In the short run, the market is a voting machine but in the long run, it is a weighing machine

Benjamin Graham

New entrants coming to the market such as Tiger Global and other public market investors are marking up valuations. Their strategy is getting in on as many quality deals as possible with small regard for price. Averaging a deal every 48 hours comes at the cost of due diligence. In contrast, we do more careful diligence than ever.

So we are seeing a very frothy market and reality may soon come if the bubble bursts. We will then get back to valuing companies based on their earnings. Right now people are voting on the potential of technologies but eventually, they will weigh their earnings. Companies like Apple, Microsoft and Tesla are being judged this way now. Many others like Uber and Lyft are starting to show profits, but they’re the outliers. 

On Strategy

The problem now is, people have stopped looking at the process and are concentrating on the outliers.

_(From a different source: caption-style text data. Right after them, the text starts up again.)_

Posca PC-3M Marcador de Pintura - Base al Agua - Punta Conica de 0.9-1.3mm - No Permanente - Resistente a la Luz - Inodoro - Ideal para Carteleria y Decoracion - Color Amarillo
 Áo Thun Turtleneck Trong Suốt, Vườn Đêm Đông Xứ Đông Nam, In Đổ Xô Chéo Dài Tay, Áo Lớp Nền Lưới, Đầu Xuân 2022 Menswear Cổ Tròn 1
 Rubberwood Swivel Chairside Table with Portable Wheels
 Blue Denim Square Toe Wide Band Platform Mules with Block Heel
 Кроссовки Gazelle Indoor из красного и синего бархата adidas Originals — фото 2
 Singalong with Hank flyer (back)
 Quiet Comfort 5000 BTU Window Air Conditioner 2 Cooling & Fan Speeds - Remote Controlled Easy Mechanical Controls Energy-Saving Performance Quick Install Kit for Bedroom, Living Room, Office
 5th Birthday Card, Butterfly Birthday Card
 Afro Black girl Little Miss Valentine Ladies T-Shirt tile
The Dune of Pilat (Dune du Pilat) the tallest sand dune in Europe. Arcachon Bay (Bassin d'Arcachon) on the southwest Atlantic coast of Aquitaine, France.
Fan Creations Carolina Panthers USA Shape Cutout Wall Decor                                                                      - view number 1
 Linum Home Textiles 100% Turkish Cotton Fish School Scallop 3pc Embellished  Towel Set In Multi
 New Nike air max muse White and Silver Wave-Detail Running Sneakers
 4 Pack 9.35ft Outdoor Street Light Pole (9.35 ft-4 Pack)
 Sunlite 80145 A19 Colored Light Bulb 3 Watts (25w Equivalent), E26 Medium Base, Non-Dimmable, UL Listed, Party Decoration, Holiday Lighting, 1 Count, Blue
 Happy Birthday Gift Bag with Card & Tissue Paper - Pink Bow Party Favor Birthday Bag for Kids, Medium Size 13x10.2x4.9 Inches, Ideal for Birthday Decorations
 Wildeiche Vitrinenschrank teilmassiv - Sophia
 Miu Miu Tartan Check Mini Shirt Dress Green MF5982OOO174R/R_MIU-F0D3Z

Focus on the process and the outcomes will take care of themselves

Outcomes are a function of the process so, we still focus on that and the fundamentals of a company. To not get caught up in the mania, I try to stay humble and not look at the previous victories and I look at each company with a fresh set of eyes. I focus on what I can control and not worry about the rest. 

In this market, I will at times sell 10%-20% secondary shares when the right opportunity arises. I want to lock in wins for my LPs and investors as we don’t know when the liquidity will emerge. I believe in slowly pairing your position and think that this is a wise philosophy in the current climate, though some people believe that you should let your winner ride. 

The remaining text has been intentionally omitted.